Interlude
1922
84 x 60 in. (213.4 x 152.4 cm)
Maxfield Parrish
United States
(Philadelphia, PA, 1870 - 1966, Plainfield, NH)
Object Type:
Painting
Medium and Support:
Oil on linen canvas
Credit Line:
Lent by the Eastman School of Music of the University of Rochester
Accession Number:
5.1997L
Location: Currently on view
Maxfield Parrish, leading illustrator and muralist of the early twentieth century, painted Interlude to hang at the Eastman Theatre in Rochester. Through architect Lawrence Grant White, George Eastman commissioned three murals for the theater, which served as both silent movie palace and philharmonic hall. Interlude was Eastman’s favorite, a “peacherina,” he wrote White.

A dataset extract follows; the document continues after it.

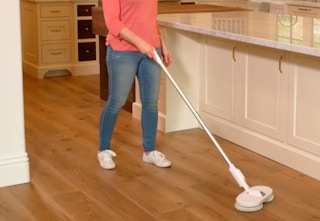 qvc omni mop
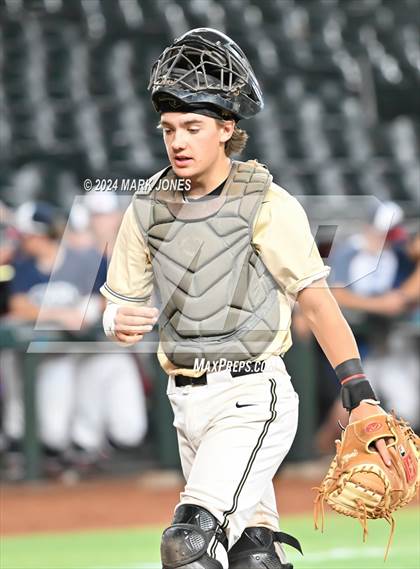 Thumbnail 3 in Basha vs. Perry (Chase Field) photogallery.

The radiant quality of Interlude is due to Parrish’s high technical standards and theatrical sense of color—electrical reds, vivid purples, and lush apricots. A shade of cobalt straight from the tube was applied so ingeniously that it became known as “Parrish blue.” He painted glaze upon glaze to create a hard photographic finish that betrayed no brush strokes.
Interlude was moved to the Memorial Art Gallery in 1997 to provide it with more stable temperature and humidity conditions. In its place at the Eastman Theatre is a full-size color reproduction.